Starting with the line that contains "Sudadera deportiva capucha 1/4 cremallera", give again exactly and only each line through the end of the records; include the last line and exclude pictures.

• EXCERPTED DATA:

[Start of section]

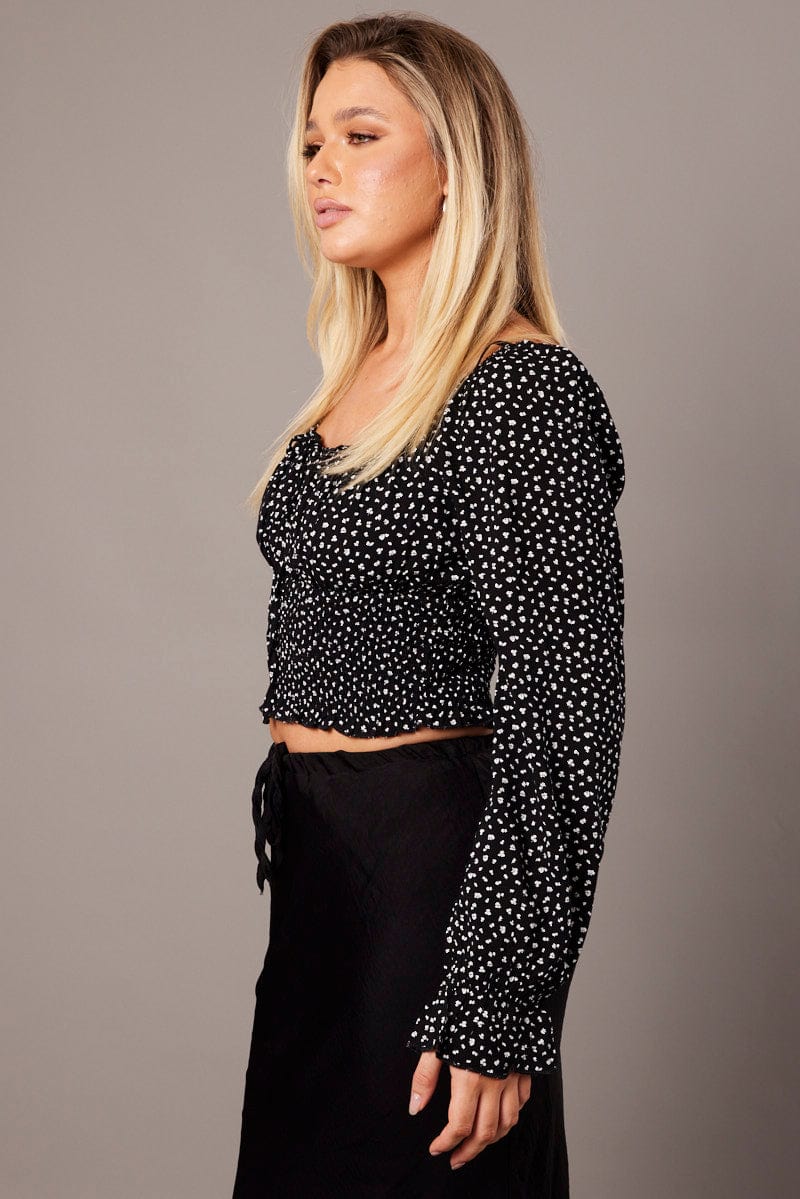 Black Ditsy Crop Top Long Sleeve Shirred Waist for Ally Fashion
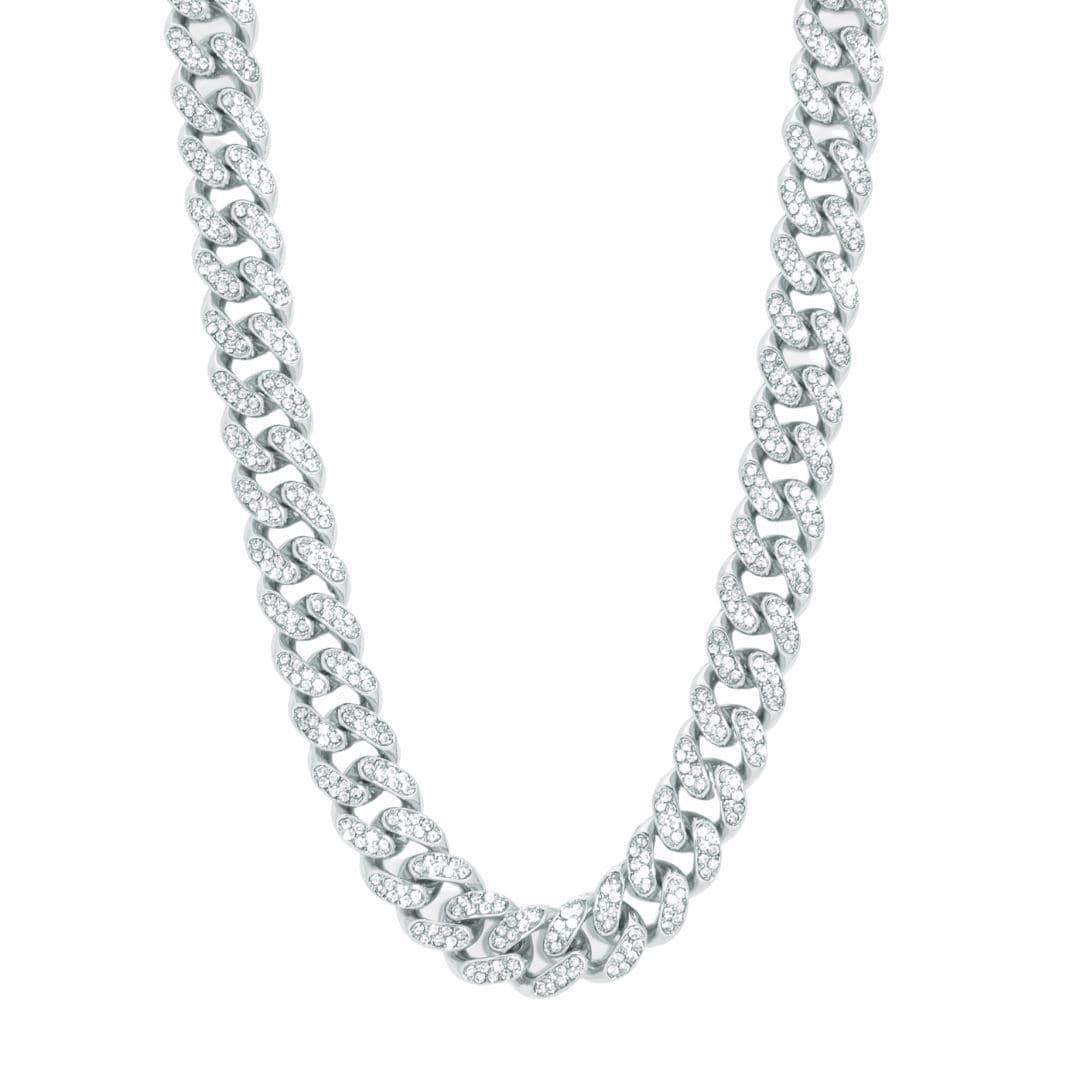 13mm Cuban Chain in White Gold with Flawless VS Diamond Simulants, 18K PVD Plated.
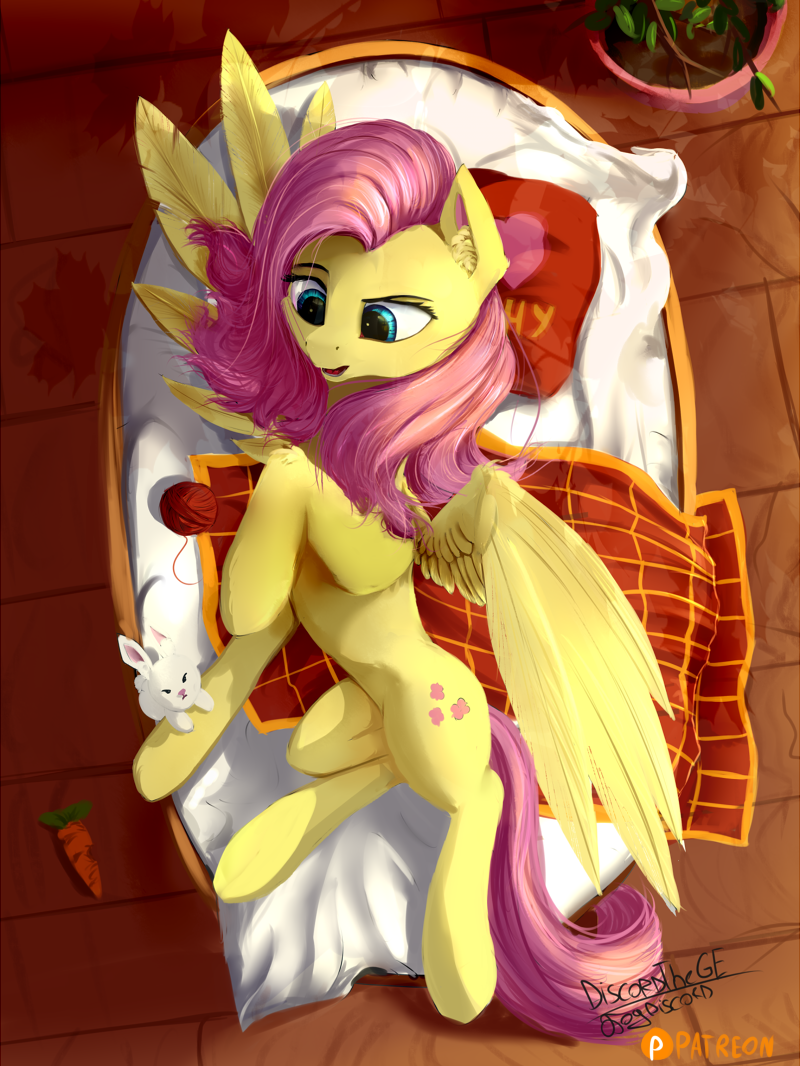 I squeezed the bed from the rabbit ... the horse is yellow > :( - My little pony, Fluttershy, Angel bunny, Discordthege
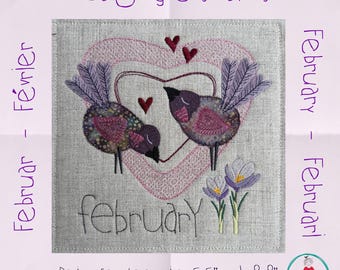 February Bird Appliqué Machine Embroidery Quilt Block | Hand Drawn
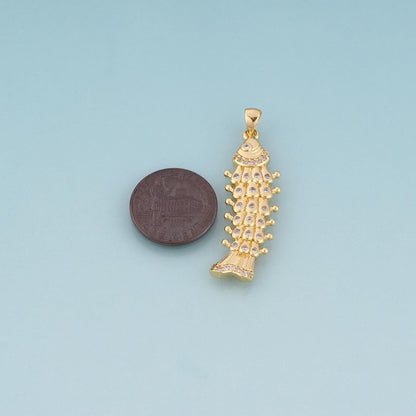18K Gold Filled Enamel Fish Pendant,Ocean Charm Bracelet Necklace for DIY Jewelry Making Supply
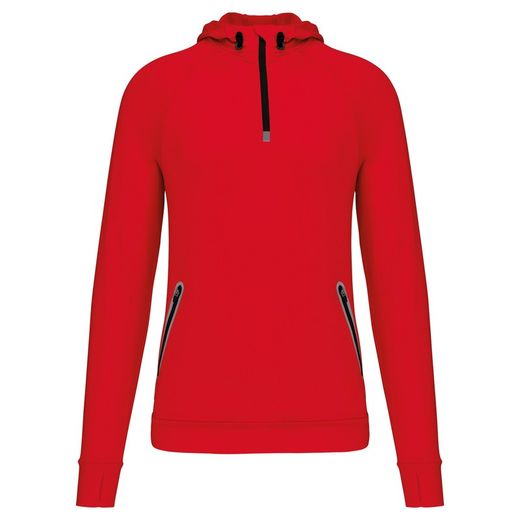 Sudadera deportiva capucha 1/4 cremallera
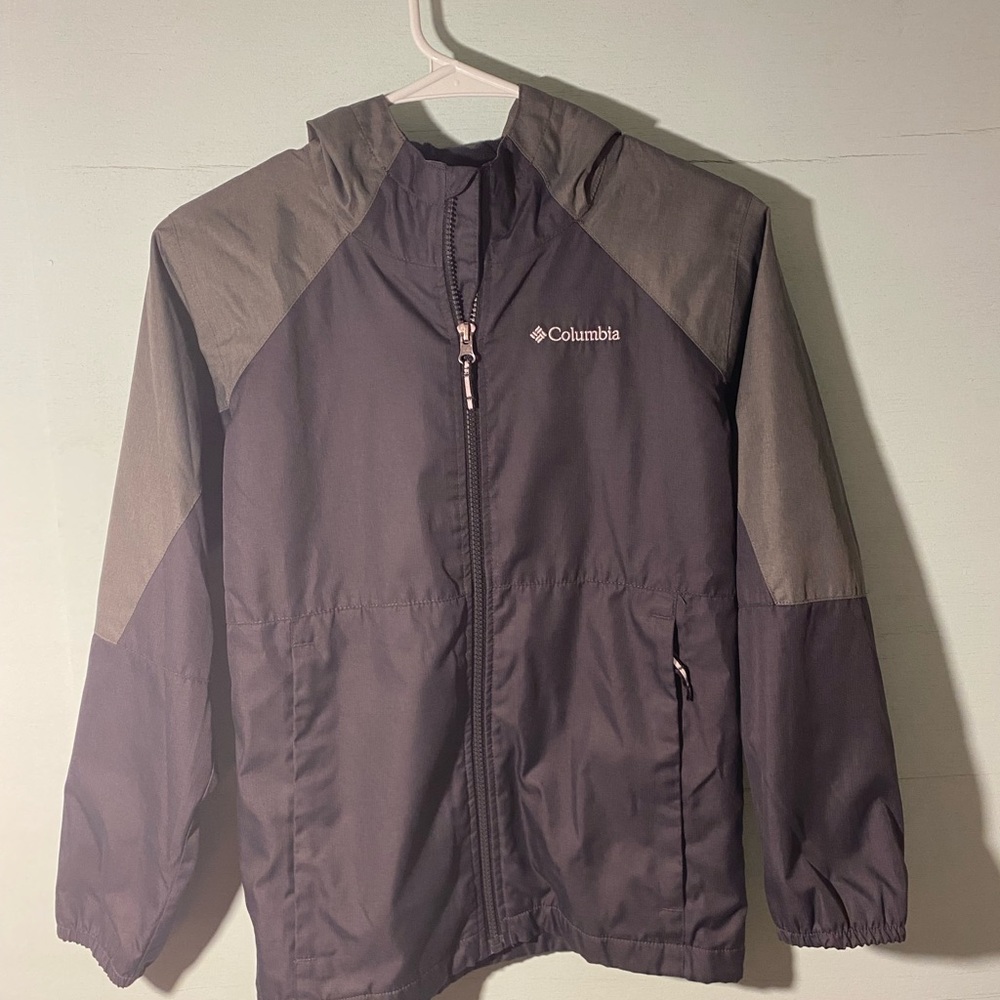 Columbia Kids' Black and Gray Raincoat SZ. M 10/12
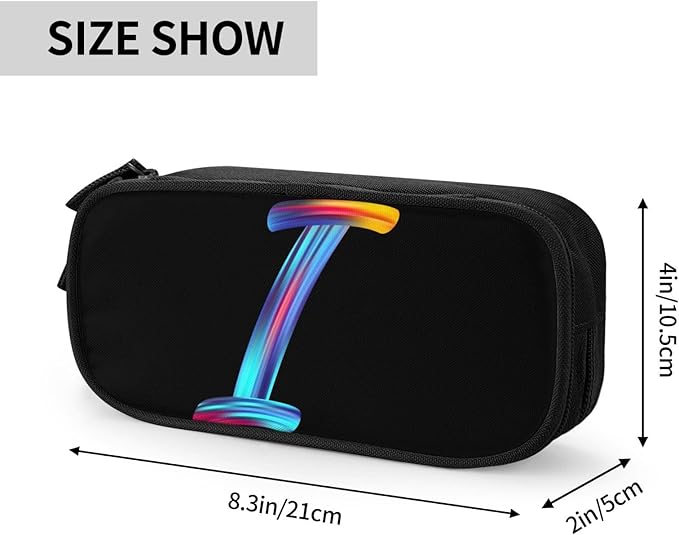 Pazacon Cute Initial Pencil Case for Kids Students, Large Capacity Pencil Pouch for Boys Girls, Letter Design Pencil Box Pen Bag Office Stationery Organizer, Rainbow Letter I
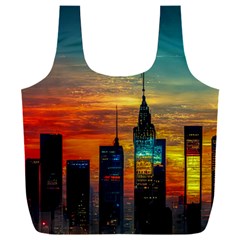 New York City Skyline Usa Full Print Recycle Bag (xxl) by Ndabl3x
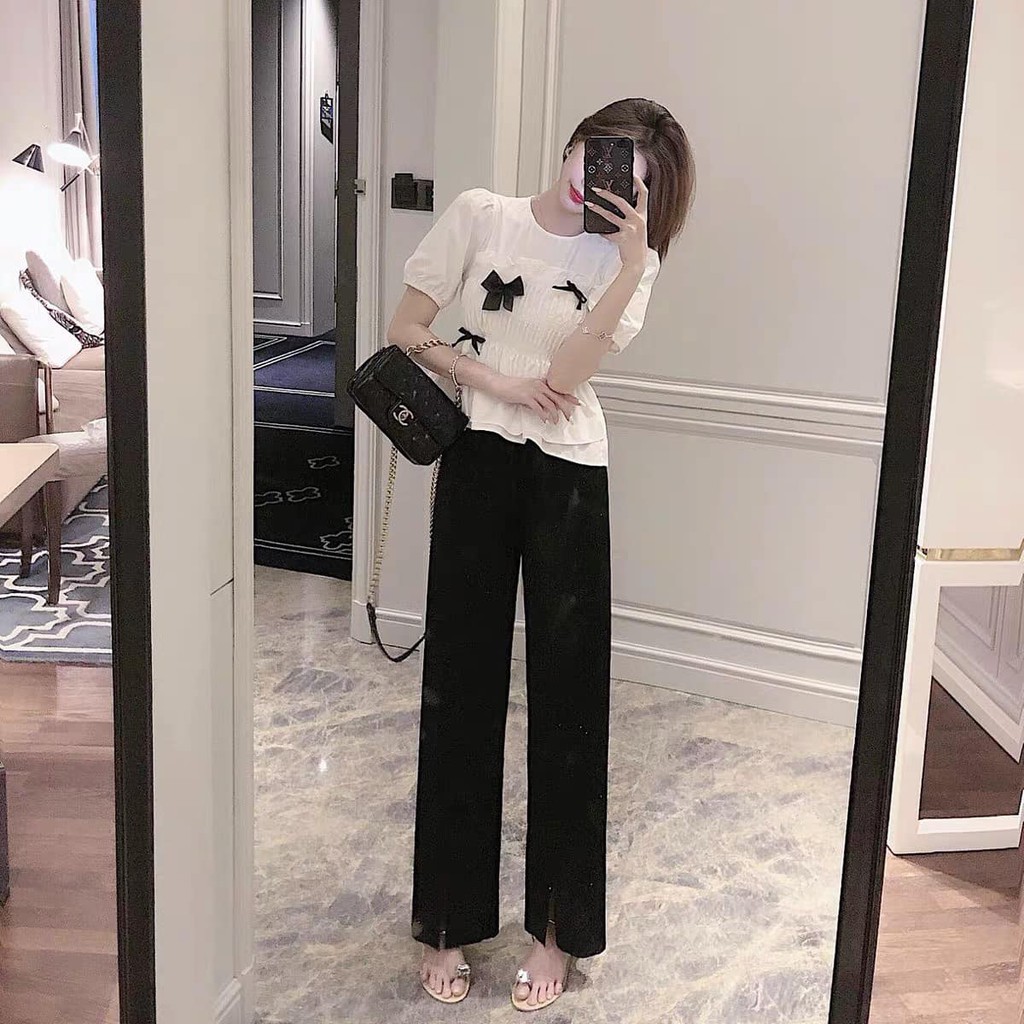 Áo sơ mi  nữ chun nơ tiểu thư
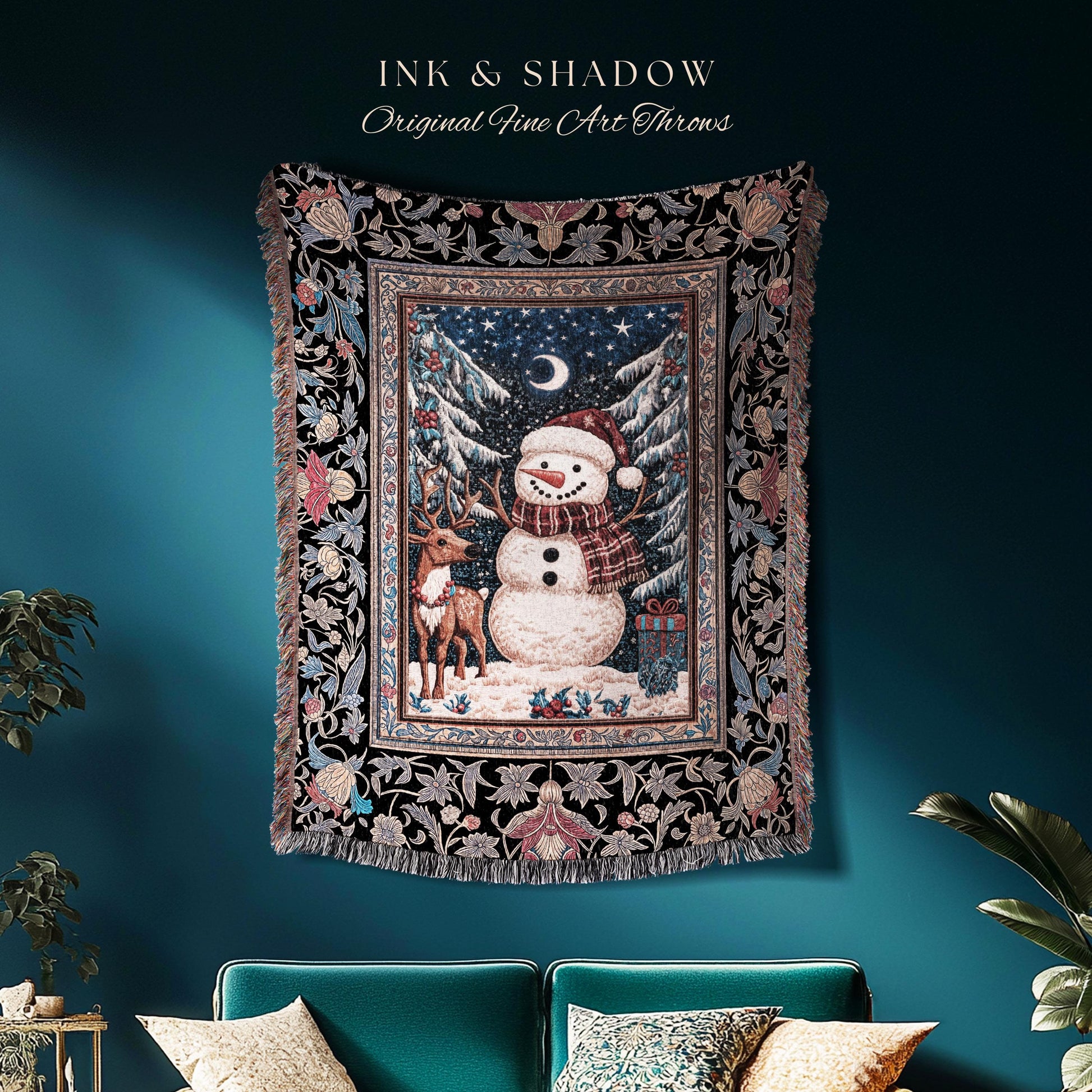 Rustic Snowman Winter Throw | Festive Tapestry Nostalgic Xmas Gift Cozy Cabin Snowflake Throw Vintage Reindeer Decor Warm Cozy Coverlet Cute
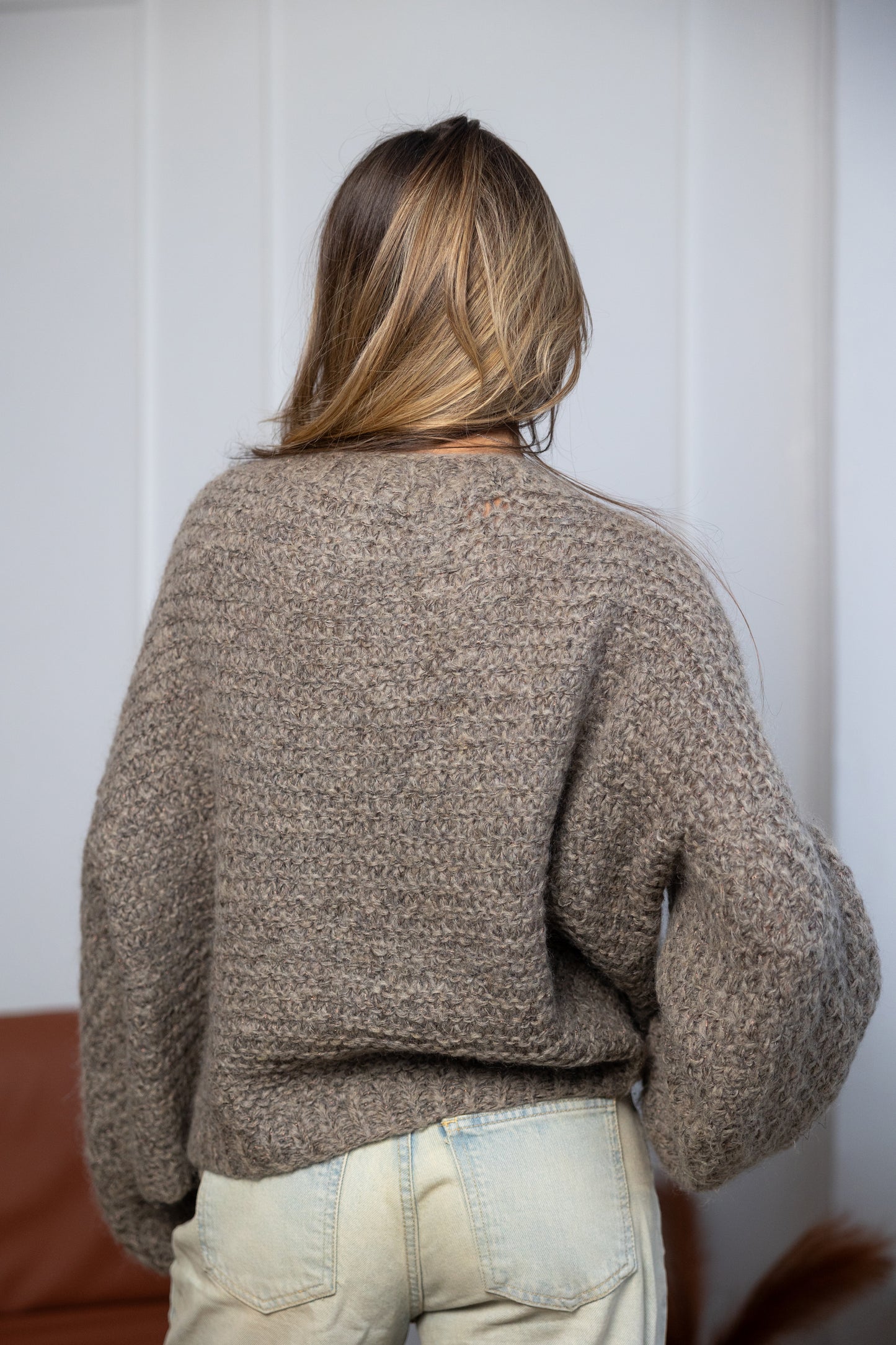 Handmade Taupe Oversized Knitted Sweater – Wool & Mohair Cable Knit Jumper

[End of section]

• SOLVED EXERCISE:
 Sudadera deportiva capucha 1/4 cremallera
 Columbia Kids' Black and Gray Raincoat SZ. M 10/12
 Pazacon Cute Initial Pencil Case for Kids Students, Large Capacity Pencil Pouch for Boys Girls, Letter Design Pencil Box Pen Bag Office Stationery Organizer, Rainbow Letter I
 New York City Skyline Usa Full Print Recycle Bag (xxl) by Ndabl3x
 Áo sơ mi  nữ chun nơ tiểu thư
 Rustic Snowman Winter Throw | Festive Tapestry Nostalgic Xmas Gift Cozy Cabin Snowflake Throw Vintage Reindeer Decor Warm Cozy Coverlet Cute
 Handmade Taupe Oversized Knitted Sweater – Wool & Mohair Cable Knit Jumper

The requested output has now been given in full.